### EXERCISE INPUTS

____________________

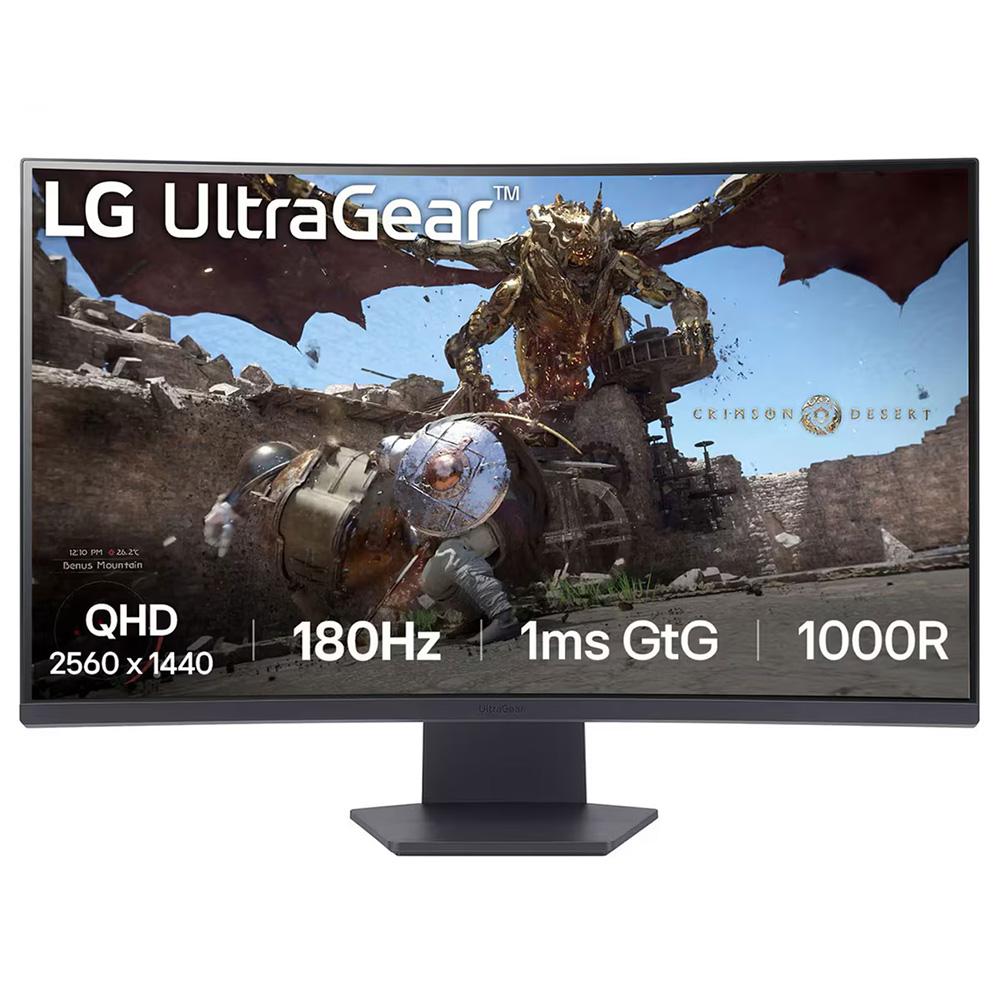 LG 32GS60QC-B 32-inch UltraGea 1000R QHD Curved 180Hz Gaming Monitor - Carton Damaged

____________________

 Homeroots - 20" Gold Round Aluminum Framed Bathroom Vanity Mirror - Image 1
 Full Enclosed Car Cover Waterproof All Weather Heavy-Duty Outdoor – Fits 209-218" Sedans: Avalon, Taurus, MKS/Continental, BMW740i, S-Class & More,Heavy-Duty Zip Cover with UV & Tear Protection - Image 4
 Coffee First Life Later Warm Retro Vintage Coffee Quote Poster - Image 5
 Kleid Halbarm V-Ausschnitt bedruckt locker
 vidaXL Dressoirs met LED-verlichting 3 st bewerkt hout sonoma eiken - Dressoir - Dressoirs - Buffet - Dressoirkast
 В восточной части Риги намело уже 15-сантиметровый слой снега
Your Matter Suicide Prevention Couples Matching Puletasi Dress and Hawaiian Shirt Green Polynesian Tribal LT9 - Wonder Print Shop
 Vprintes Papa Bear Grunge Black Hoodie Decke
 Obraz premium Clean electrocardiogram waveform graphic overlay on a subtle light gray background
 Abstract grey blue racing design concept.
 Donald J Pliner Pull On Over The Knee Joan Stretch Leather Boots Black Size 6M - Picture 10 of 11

____________________

### YOUR INSTRUCTIONS
Give back precisely the lines above that start at the line containing "Coffee First Life" and end at the line containing "В восточной части", inclusive. No other lines belong in the output.

### FINISHED TASK
 Coffee First Life Later Warm Retro Vintage Coffee Quote Poster - Image 5
 Kleid Halbarm V-Ausschnitt bedruckt locker
 vidaXL Dressoirs met LED-verlichting 3 st bewerkt hout sonoma eiken - Dressoir - Dressoirs - Buffet - Dressoirkast
 В восточной части Риги намело уже 15-сантиметровый слой снега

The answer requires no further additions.